▶ TASK DIRECTIONS:
Return the first line of the listing below and all the lines after it through the one containing "Elegance Charm Cotton Block Print Top", exactly, without pictures.

────

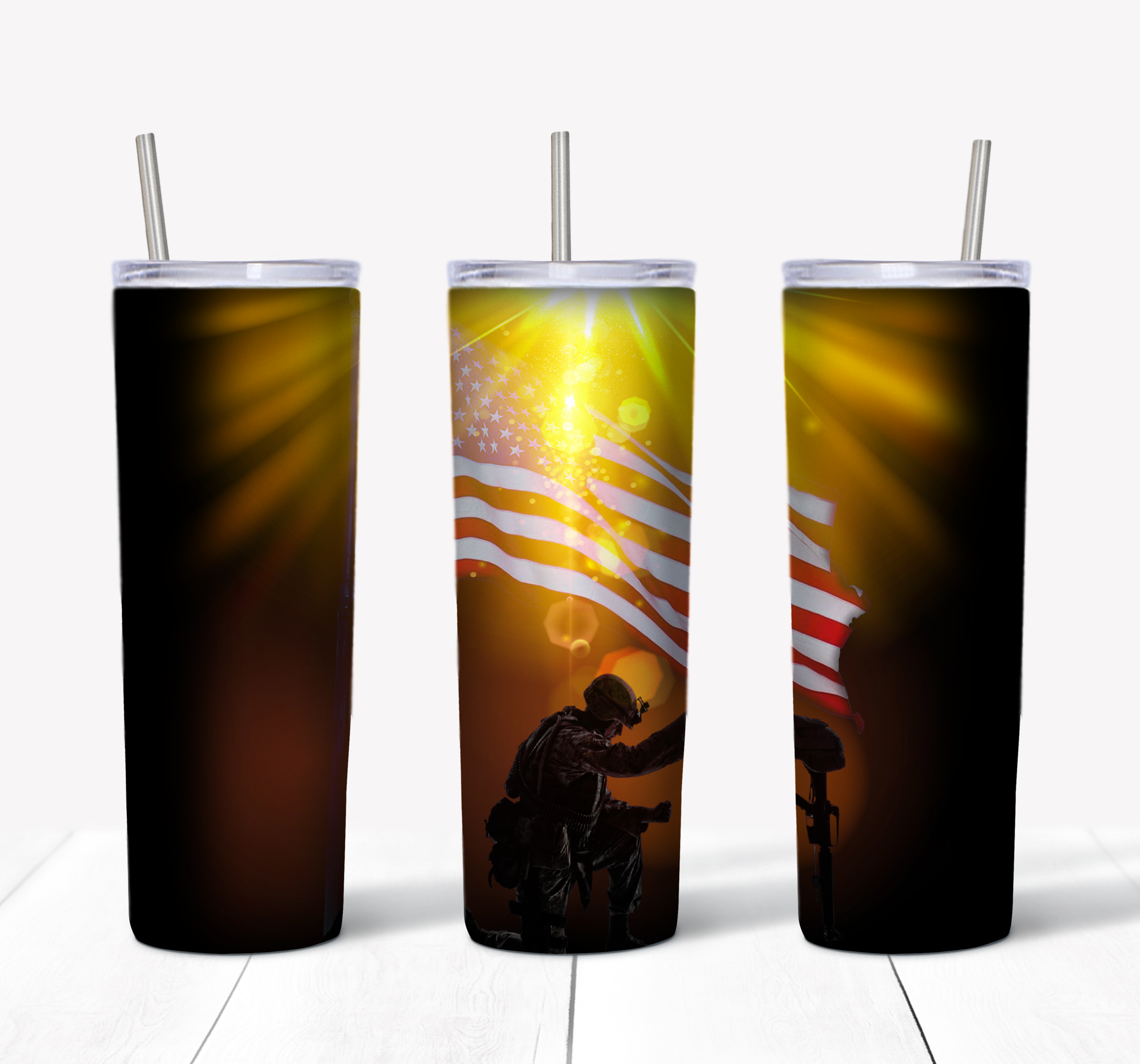 Patriotic Soldier Tumbler Mockup
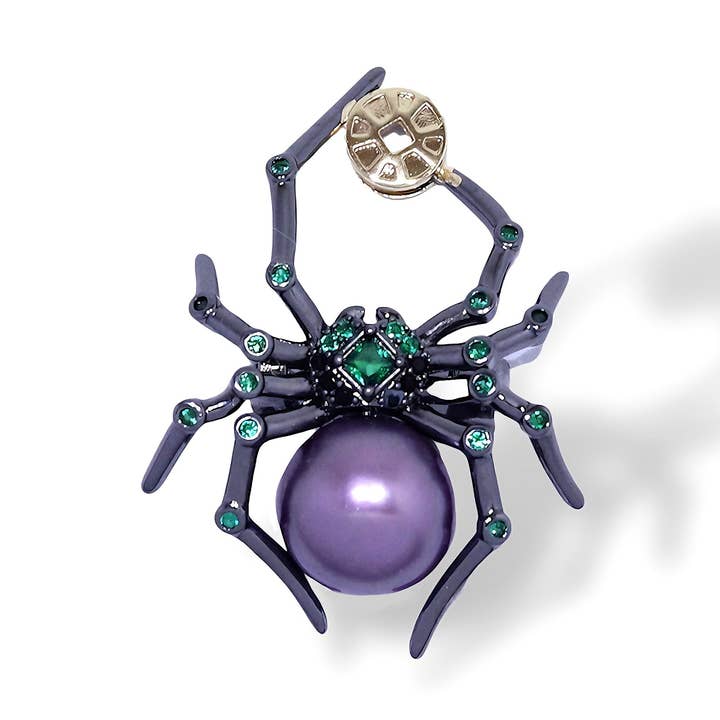 Mystische Spinne Lila Perlenbrosche für den Großhandel von Ninemoo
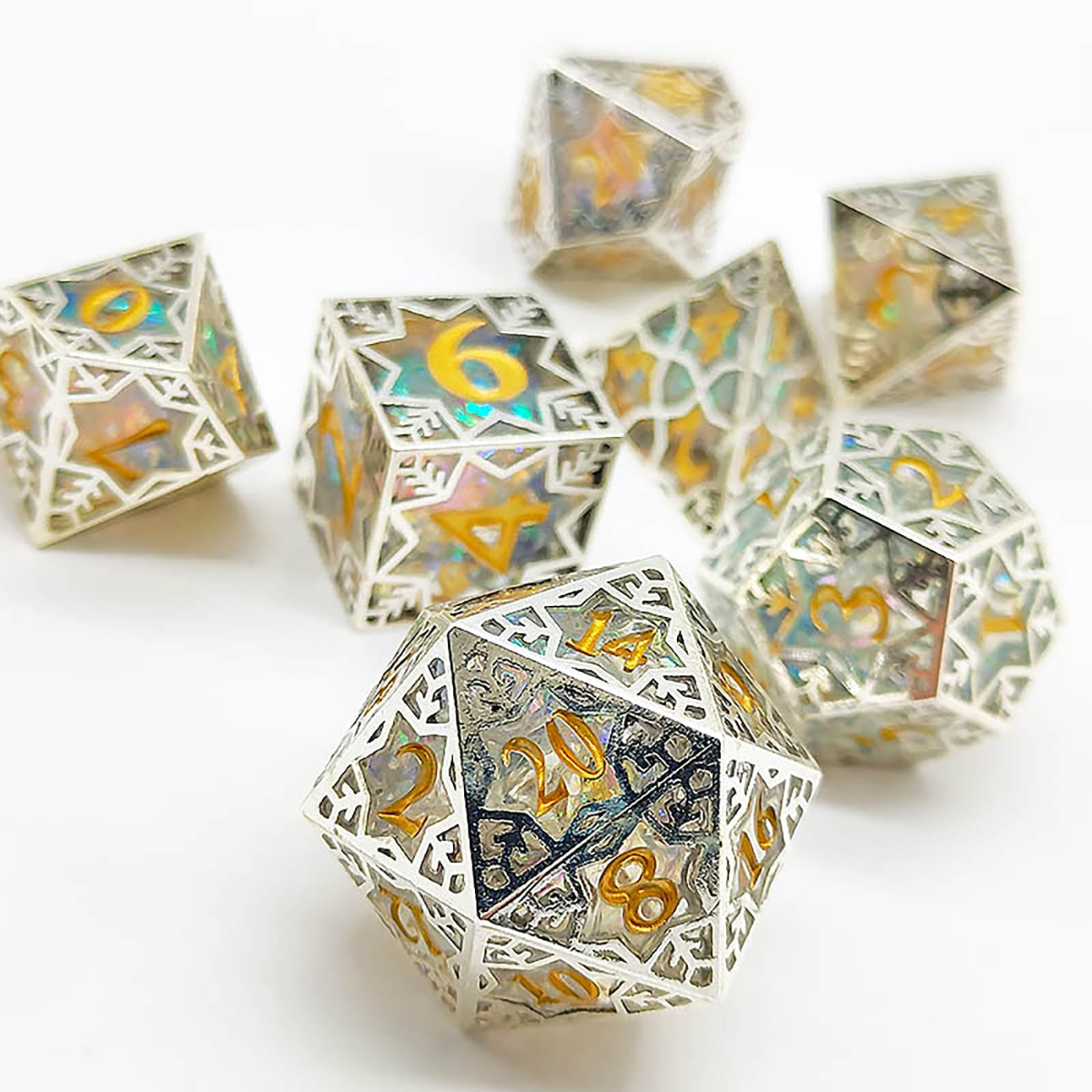 Set di dadi 7 in 1 in metallo poliedrici per giochi di ruolo per dungeons and drons, DM Players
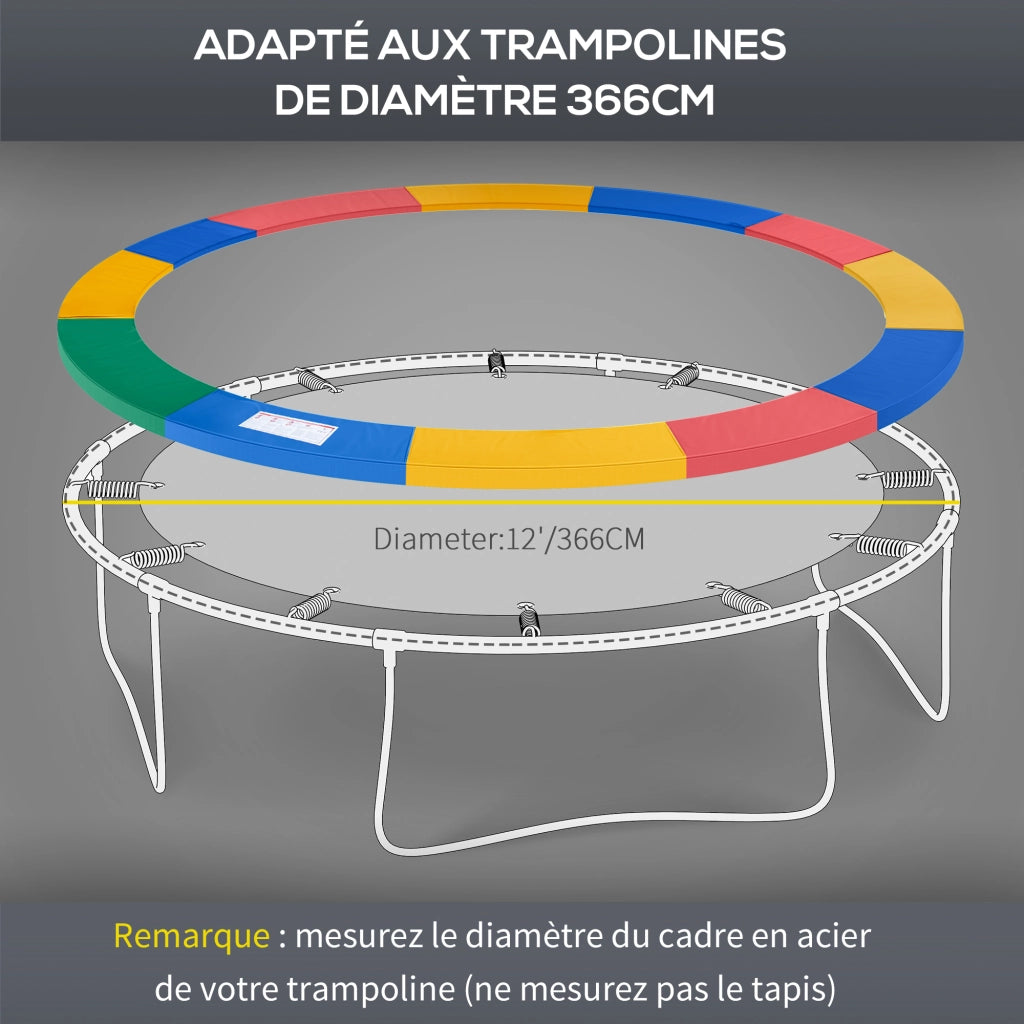 Cuscino di protezione per trampolino ¨C zephmum ¨C 366 cm, rosso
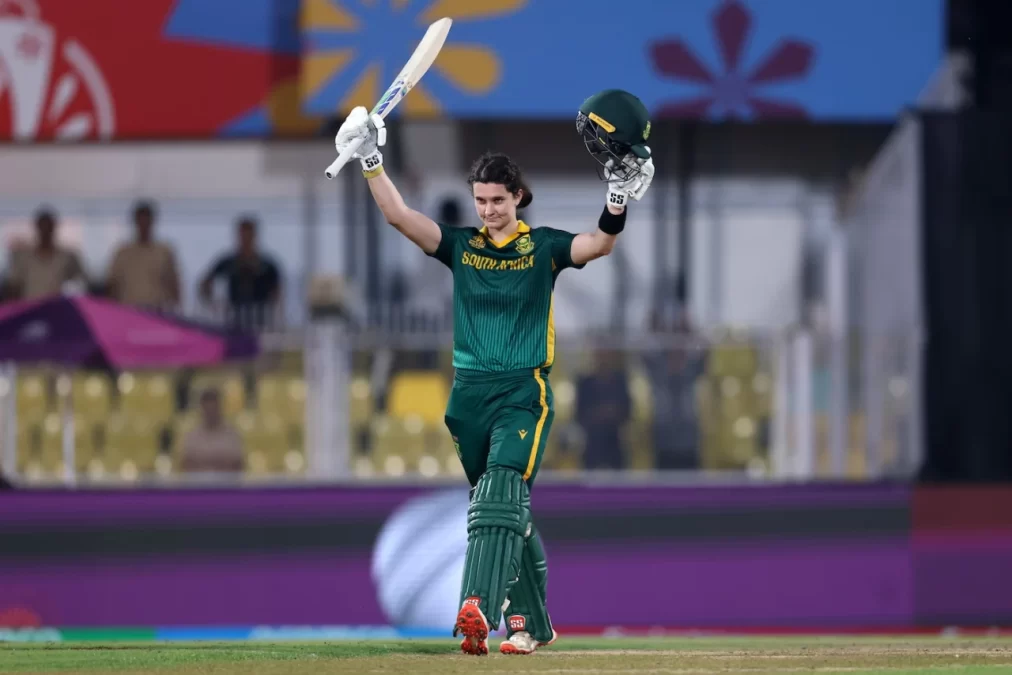 Laura Wolvaardt celebrates her hundred/ICC via Getty Images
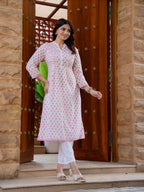 Elegance Charm Cotton Block Print Top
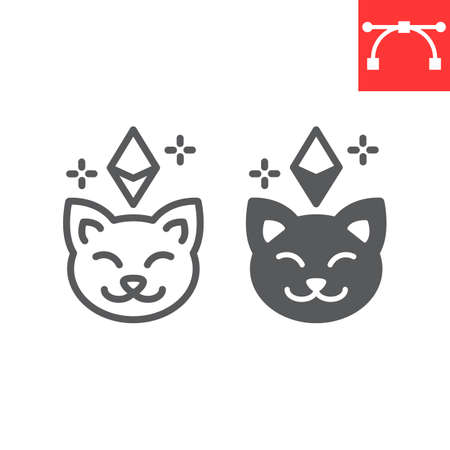Crypto kitty line and glyph icon, unique token and pet, cat with ethereum vector icon, vector graphics, editable stroke outline sign, eps 10のイラスト素材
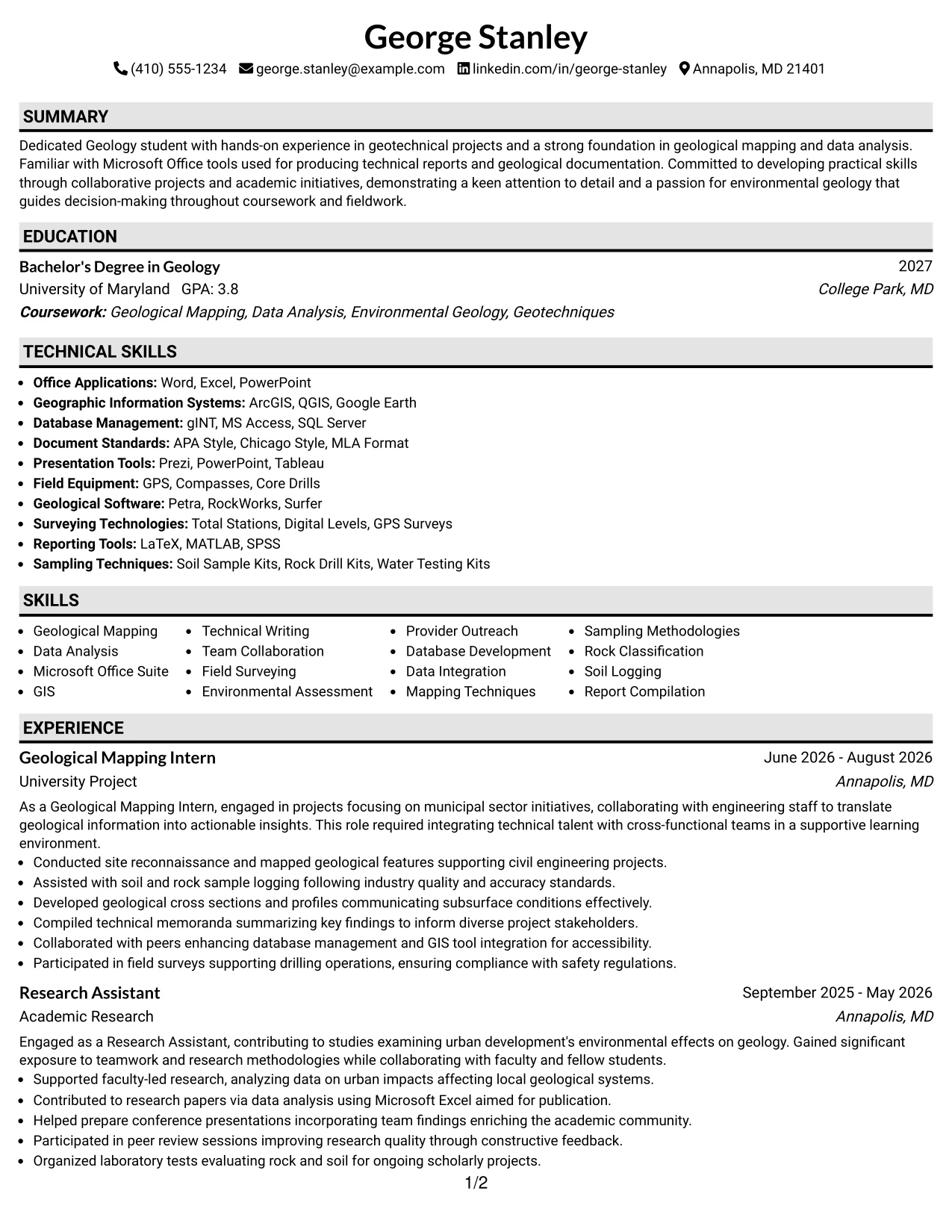 Resume Example Page 1
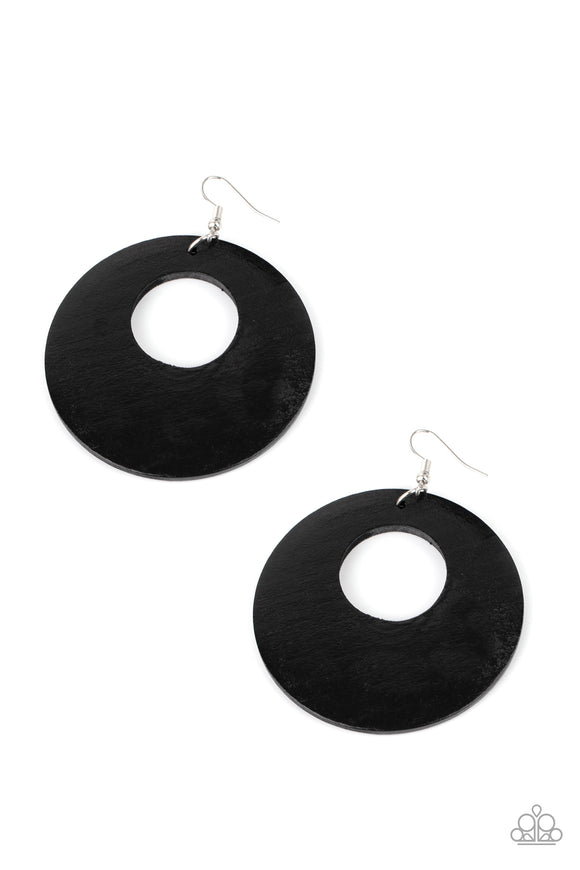 Island Hop - Paparazzi Accessories - Black Earrings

────

▶ RESPONSE FOR THIS EXERCISE:
 Patriotic Soldier Tumbler Mockup
 Mystische Spinne Lila Perlenbrosche für den Großhandel von Ninemoo
 Set di dadi 7 in 1 in metallo poliedrici per giochi di ruolo per dungeons and drons, DM Players
 Cuscino di protezione per trampolino ¨C zephmum ¨C 366 cm, rosso
 Laura Wolvaardt celebrates her hundred/ICC via Getty Images
 Elegance Charm Cotton Block Print Top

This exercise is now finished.